Agenda 2030: Tatay (Univ. Comillas Madrid), “senza l’apporto delle religioni è impossibile risolvere la sfida della sostenibilità”

“Da sole, le religioni non potranno risolvere la complessa sfida della sostenibilità. E tuttavia, se non si tiene conto dell’apporto religioso, venirne a capo sarà altrettanto impossibile”. A sollevare la questione, nel quaderno 4.094 de La Civiltà Cattolica, il primo del nuovo anno, in uscita sabato e anticipato come di consueto al Sir, è Jaime Tatay, professore di Teologia morale presso la Pontificia Università Comillas di Madrid e direttore della rivista Razón y Fe. Gli Obiettivi di sviluppo sostenibile nell’Agenda 2030 sono il risultato di un lungo processo deliberativo e riflettono un ampio consenso internazionale sulle grandi sfide che l’umanità deve affrontare nel XXI secolo.
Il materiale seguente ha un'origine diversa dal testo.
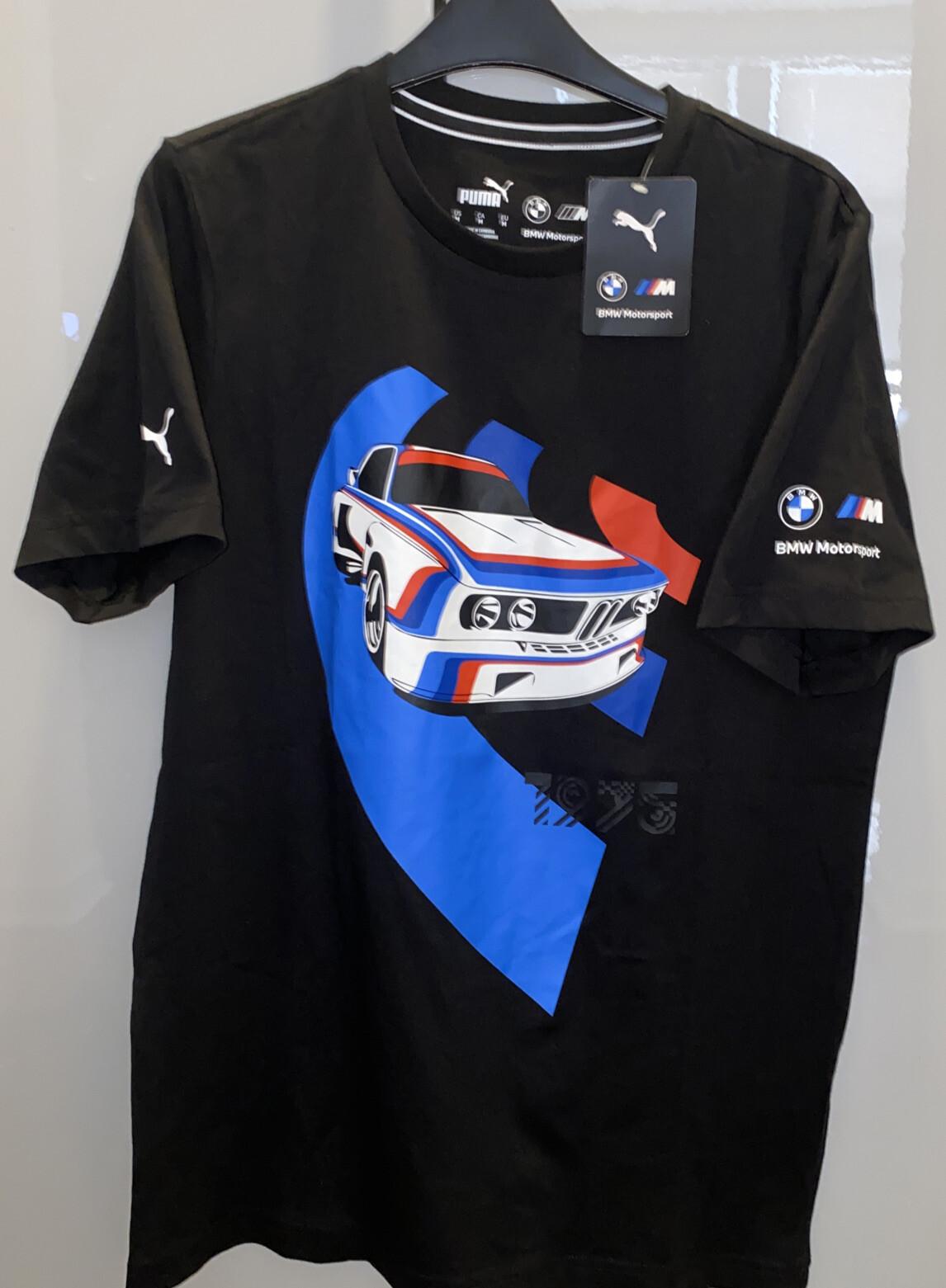 PUMA BMW MOTORSPORTS MMS VINTAGE CAR TEE 1975 BMW M-SPORT BLACK SHIRT 533379-01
Sono stati coinvolti scienziati, economisti, tecnici, politici, sociologi e persino i militari. “Tuttavia – osserva l’autore dell’articolo –  fra gli interlocutori chiamati in causa stupisce la sottovalutazione di attori globali influenti, come le grandi tradizioni religiose”. Un’esclusione “ingiustificata” perché “l’interlocutore confessionale non può essere lasciato da parte in un mondo in cui la stragrande maggioranza della popolazione riconduce a una tradizione spirituale la propria visione della realtà, la fonte di senso e la guida etica”.
Ma quali ragioni ne giustificherebbero l’intervento? Per l’autore sono dieci: “Esse offrono chiavi di lettura delle dichiarazioni religiose degli ultimi anni, come pure strategie di trasformazione personale, istituzionale e sociale”. Si tratta delle dimensioni profetica, ascetica, penitenziale, apocalittica, sacramentale, soteriologica, comunitaria, mistica, sapienziale ed escatologica, che “attraversano l’esperienza spirituale dell’umanità”. “L’articolazione di questi 10 elementi” potrebbe “consentire di tracciare i contorni di un ethos ambientale interreligioso”.  A partire dalla prima dimensione, quella profetica: “l’ingiustizia insita nel degrado della natura è stata la principale por­ta d’ingresso delle grandi religioni nel dibattito ecologico”.  Le tradizioni religiose, conclude Tatay, “propongono un esercizio di ‘duplice ascolto’ – della Terra e dei poveri, del momento presente e della storia passata, del contesto locale e delle dinamiche globali, dei segni esterni e delle pulsioni interne –, che è complementare alle mere analisi tecniche”.